On Tue, Apr 22, 2025 at 1:43 AM Pavel Begunkov asml.silence@gmail.com wrote:
On 4/18/25 00:15, Mina Almasry wrote:
Currently net_iovs support only pp ref counts, and do not support a page ref equivalent.
Makes me wonder why it's needed. In theory, nobody should ever be taking page references without going through struct ubuf_info handling first, all in kernel users of these pages should always be paired with ubuf_info, as it's user memory, it's not stable, and without ubuf_info the user is allowed to overwrite it.
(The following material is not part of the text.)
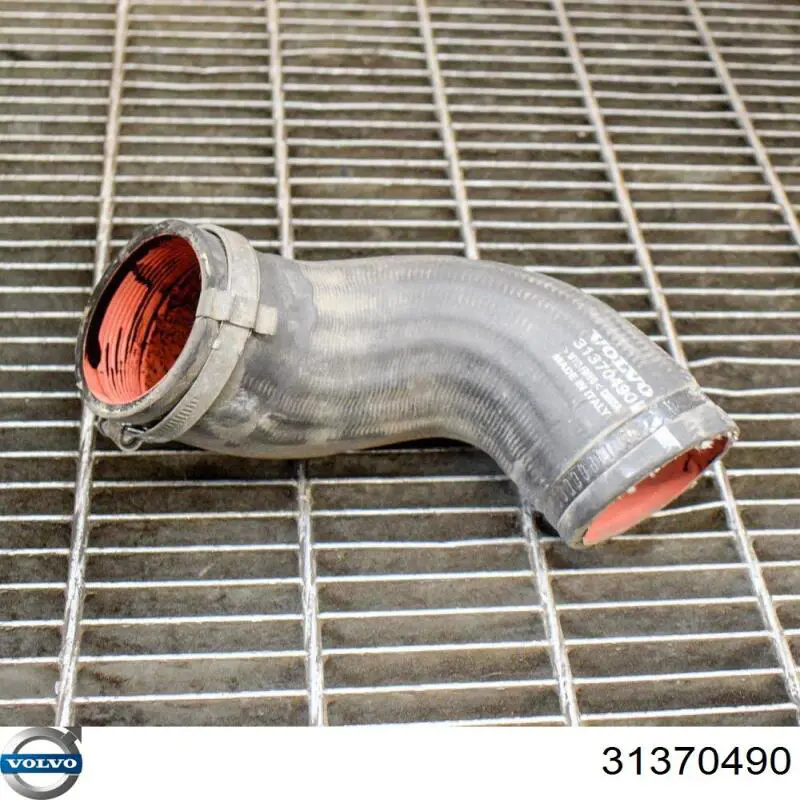 Manguera del intercooler Volvo 31370490 precio, desde 26,69 EUR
The concern about the stability of the from-userspace data is already called out in the MSG_ZEROCOPY documentation that we're piggybacking devmem TX onto:
https://www.kernel.org/doc/html/v4.15/networking/msg_zerocopy.html
Basically the userspace passes the memory to the kernel and waits for a notification for when it's safe to reuse/overwrite the data. I don't know that it's a security concern. Basically if the userspace modifies the data before it gets the notification from the kernel, then it will mess up its own TX. The notification is sent by the kernel to the userspace when the skb is freed I believe, at that point it's safe to reuse the buffer as the kernel no longer needs it for TX.
For devmem we do need to pin the binding until all TX users are done with it, so get_netmem will increase the refcount on the binding to keep it alive until the net stack is done with it.
Maybe there are some gray area cases like packet inspection or tracing? However in this case, after the ubuf_info is dropped, the user can overwrite the memory with its secrets. Definitely iffy in security terms.
You can look at all the callers of skb_frag_ref to see all the code paths that grab a page ref on the frag today. There is also an inspection by me in the v5 changelog.